I am not the preacher, Jim is, I count beans. My acronym for being the treasurer for the local church, a job I would trade for being ‘muck rake’, to a stall of dairy cows any day of the week, for at least the cows would appreciate the effort. In a society bereft of covetous consumption and dishonest corporate governance, it is a hard task to keep people honest and happy. I’ve endeavored to do the first; the second has had but limited success. My “You can only spend it once” philosophy and admonishment to the local assembly has faced a tempest of personalities in my four-year tenure, and survived a move of the local assembly to a new building. I would not say my character has provided me with a strong constitution for such matters, as I’ve asked (begged) my friend Jim to free me of this encumbrance. To date I still serve. Much to the chagrin of those who would despoil the church coffers for personal desires or fill them with lucre from sorted gain. Such is my lot on that front.

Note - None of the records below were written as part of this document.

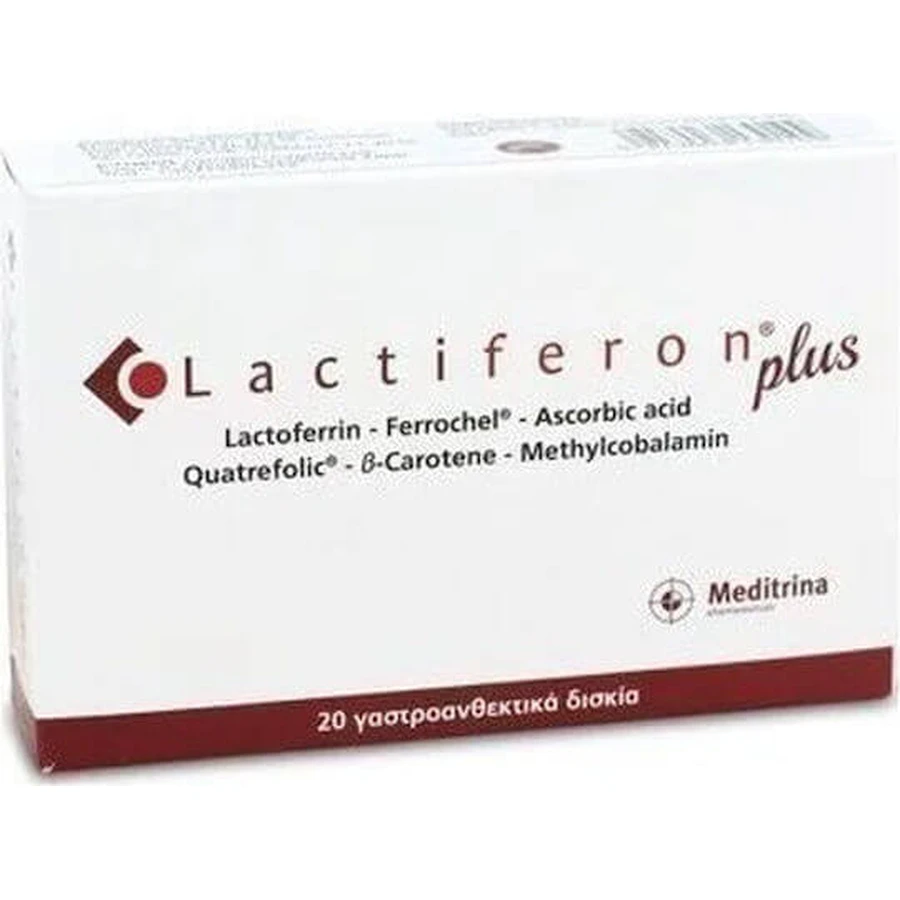 Meditrina Lactiferon Plus Suplemento para el Embarazo 20 cáps.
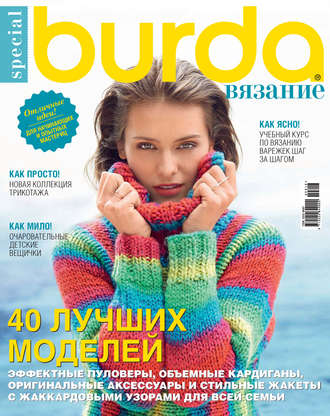 . Burda Special №08/2016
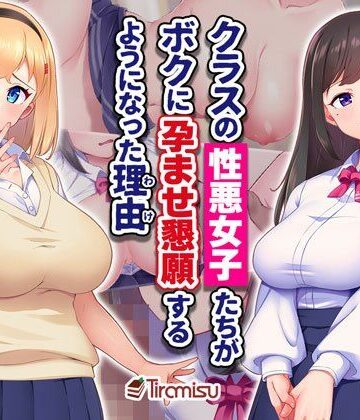【完全無料】クラスの性悪女子たちがボクに孕ませ懇願するようになった理由｜d_494524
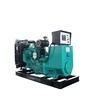New type Small Generator 50kw electric power diesel generators set price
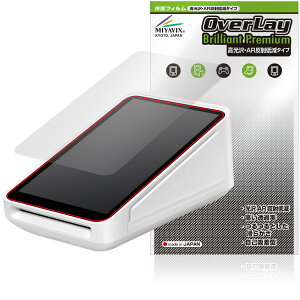 Square Terminal ی tB OverLay Brilliant Premium for XNEFA ^[~i tی ܂  AR ˒ጸ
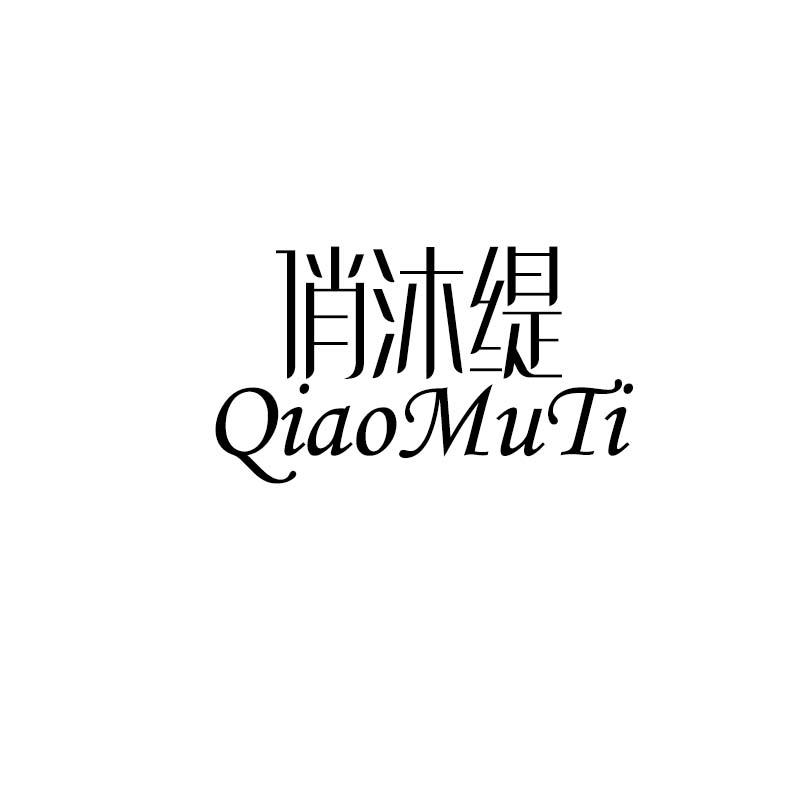 俏沐缇QIAOMUTI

As to beans, which is the topic for today, or soup de jour for my “frenchie” personage whom I’ve borrowed a quote, and which explains the other half of my absence. Apart from my sideline in counting beans, I as well roast them. A year ago this past October I founded an idea, which now has become a company. Catskill Coffee Company ~ We Engineer the finest flavors! Needless to say the challenge has been fraught with disappointments and great joy. (More joy than the latter.) Such it is with an effort to create a home based economy.

This past Saturday evening as I was completing my message, the turn motor to the roasting drum gave out. I was now faced with a decision to finish my work for the assembly or get to finding the necessary tool and have a look at the roaster. I choose the message, which was delivered the roasting order was not. Fortunately my customer awaiting her coffee was understanding and enjoyed the message, she is a sister in Christ and so was forgiving. Interesting as things get Sunday morning on the way to the car a local shop owner who I previous gave a half a pound to, for he and his wife to enjoy asked if I could roast some coffee for his eatery. Can do! (Thinking not sure how, with a busted roaster) So went the weekend on in to today.

Today I went to work on the roaster, after careful disassembly of the electrical housing and a rough sketch diagramming of the wiring configuration I set to trouble shoot. Note: I am not a licensed electrician nor am I an electrical engineer. I did spend sometime working for my Uncle Sam and receive some training and instruction in basic electrical wiring and circuitry, but this was neither a torpedo tube nor a sonar console and that was along time ago. Not all things that end, end well. I would like to report that though sheer brilliance or some Einstein approach to Tesla theory it was alas fixed. It’s not. One thing I do know, if one has met their match, match it with wisdom and stop! After swapping switches and checking wiring connections I stopped, as I did not want to void the warranty it is under. Well the roaster in still non-functioning and I am waiting on the distributor to return a call to me. I am somewhat sanguine to the fact that I have a smaller test batch roaster and can keep my promises and patrons satisfied until repair takes place. The sad fact is that it will take seven fold the effort and time to produce orders waiting delivery. Life is good! (to be continued)

2 Comments:

At 3:20 AM, Blogger Walter Jeffries said...

It is frustrating how products are made shoddily. What is worse is that they no longer come with schematics inside for when they need repair. The assumption is that the consumer is just a consumer, an idiot who can not handle devices "containing no user serviceable components." On top of that, the products are manufactured against maintenance and repair rather than with those necessities in mind. Fight it though! Fix stuff. It won't dent the perceptions of the manufacturers but it will save you money and give you a sense of accomplishment to make things work again and better.

 
At 7:27 PM, Blogger Authentic Farmer said...

Scott,

I just found your blog... I like what I've read. Do you really roast coffee and sell it? I'm interested.